COLLECTED DATA:

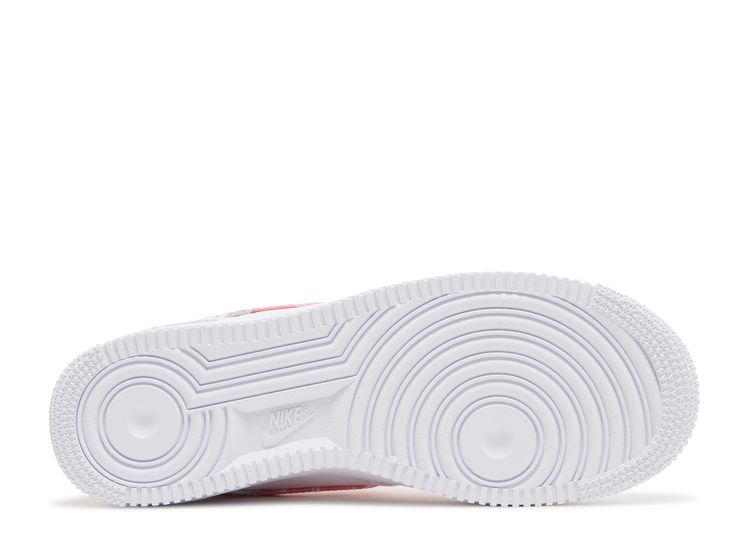 Louis Vuitton x Nike Air Force 1 low black white, Men's Fashion, Footwear,  Sneakers on Carousell
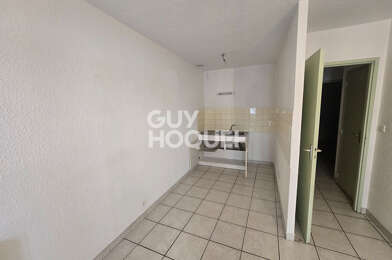 Appartement 3 pièces 450 €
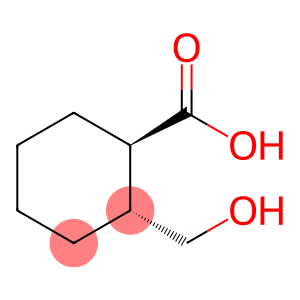 (-)-(1R,2R)-trans-2-(hydroxyMethyl)cyclohexanoic acid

EXERCISE DESCRIPTION:
Set down the material above word for word and skip its pictures.

ANSWER AREA:
 Louis Vuitton x Nike Air Force 1 low black white, Men's Fashion, Footwear,  Sneakers on Carousell
 Appartement 3 pièces 450 €
 (-)-(1R,2R)-trans-2-(hydroxyMethyl)cyclohexanoic acid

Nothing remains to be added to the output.